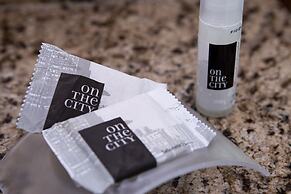 Hotel Praia do Portinho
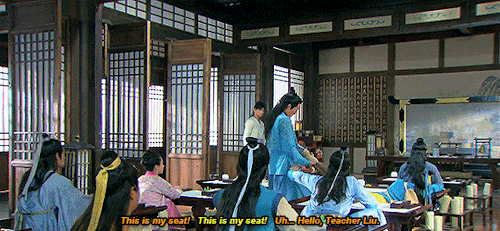 叶祖新 Tumblr Posts Tumbral Com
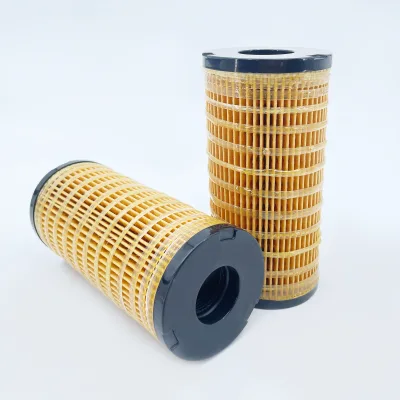 Fuel Filter 1R-1804 SK 3380/1 4816636 32/925423 26560201 FS20009 P55135 P50-2655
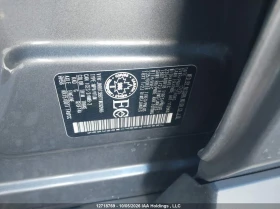 Nissan Rogue 1.5l Sv | Mobile.bg � ����� ������ 9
------------------------------------------------------------------------
**WORK INSTRUCTION:** Could you repeat the data exactly, omitting its pictures?

**ANSWER TO THIS EXERCISE:**
 Hotel Praia do Portinho
 叶祖新 Tumblr Posts Tumbral Com
 Fuel Filter 1R-1804 SK 3380/1 4816636 32/925423 26560201 FS20009 P55135 P50-2655
 Nissan Rogue 1.5l Sv | Mobile.bg � ����� ������ 9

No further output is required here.